To further drive the point home, we wanted to show how players with the highest average yards per kick return (also with at least five runs) are different from those with the highest average **YPR**. Below are those respective lists.

In [None]:
avg_run_dist_per_player = nfl_players_ypr_df_gt5.groupby(
    "displayName"
)["kickReturnerDistance"].mean().sort_values(ascending = False)

avg_ypr_per_player = nfl_players_ypr_df_gt5.groupby(
    "displayName"
)["ypr"].mean().sort_values(ascending = False)

- Top kick return distances on average: 

In [None]:
avg_run_dist_per_player

- Average **YPR** per player:

In [None]:
avg_ypr_per_player

Even though Nate Stupar had the highest average kick return distance among players in our subset, the **YPR** uncovers that Derek Carrier's runs had more pressure on average. The **YPR** surfaces Derek Carrier's otherwise hidden accomplishment. In fact, Derek Carrier is **eigth from the bottom in average kick return distance**. Simply focusing on average kick return distance would rank players like Derek Carrier significantly below their true ability.
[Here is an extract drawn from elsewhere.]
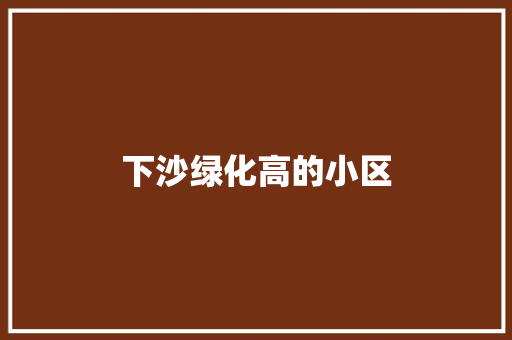 下沙绿化高的小区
The **YPR** uncovers a player's ability to overcome tighter defense--something coaches might want to consider if they are playing a notoriously defense-heavy team, or a play near the goal line.

In [None]:
avg_run_dist_per_player.loc["Derek Carrier":]

#### Descriptive Statistics

For a more complete picture of the **YPR**, see below for the distribution of **YPR**s and the median and mean values for plays in the subset.

The distribution of **YPR**s is slightly right skewed, but otherwise unimodal with a peak around 0.3.

In [None]:
sns.set(rc = {"figure.figsize": (10, 6)})
sns.set_theme(style = "whitegrid")
hist = sns.histplot(
    nfl_players_ypr_df_gt5["ypr"], 
    bins = 30
)
hist.set_title("Distribution of YPRs")
hist.set_xlabel("YPR");

In [None]:
print(f'The mean YPR value is {np.mean(nfl_players_ypr_df_gt5["ypr"])}\nThe median YPR value is {np.median(nfl_players_ypr_df_gt5["ypr"])}')

# Conclusion

We hope this brief introduction into the **Yardage Pressure Ratio** highlights a potential new way to assess special team plays. We envision the **YPR** can be a useful metric for coaches and the NFL to asses performances of not just the kick returner, but also the defense. The **YPR** uncovers otherwise ignored performances by kick returners who consistently are able to run farther with tighter defense. Conversely, this could also be helpful for teams tracking their defense's performance across plays. 

This is just the tip of the iceburg in terms of ways to use the **YPR**. One could also imagine the **YPR** used to assess punts, field goals, and even general defensive plays.